Exercise instructions: Leave out the pictures and retype, exactly, the lines below from the line with "Cargar imagen en" up to and including the line with "381 Cremorne - New Castle Holiday 31", nothing more.

The data:

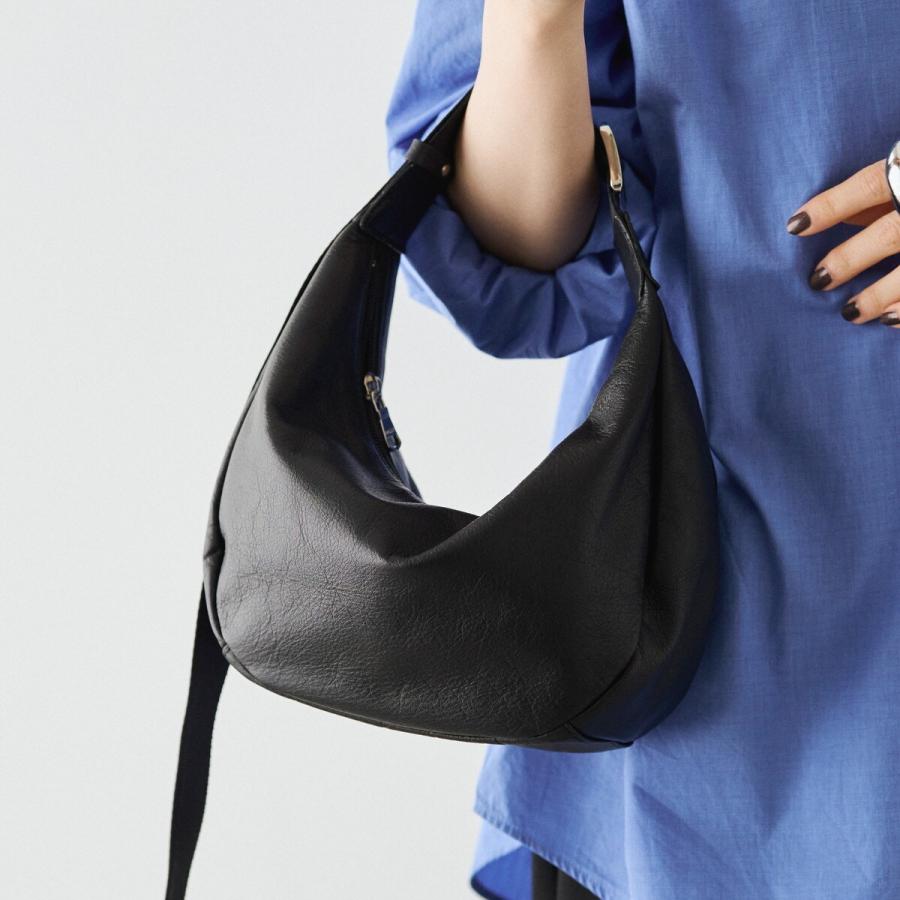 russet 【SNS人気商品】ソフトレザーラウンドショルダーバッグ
--
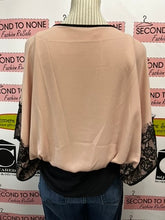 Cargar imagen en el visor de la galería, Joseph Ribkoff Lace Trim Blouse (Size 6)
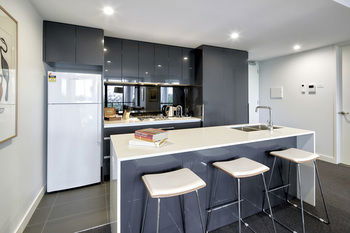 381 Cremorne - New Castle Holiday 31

Answer section:
 Cargar imagen en el visor de la galería, Joseph Ribkoff Lace Trim Blouse (Size 6)
 381 Cremorne - New Castle Holiday 31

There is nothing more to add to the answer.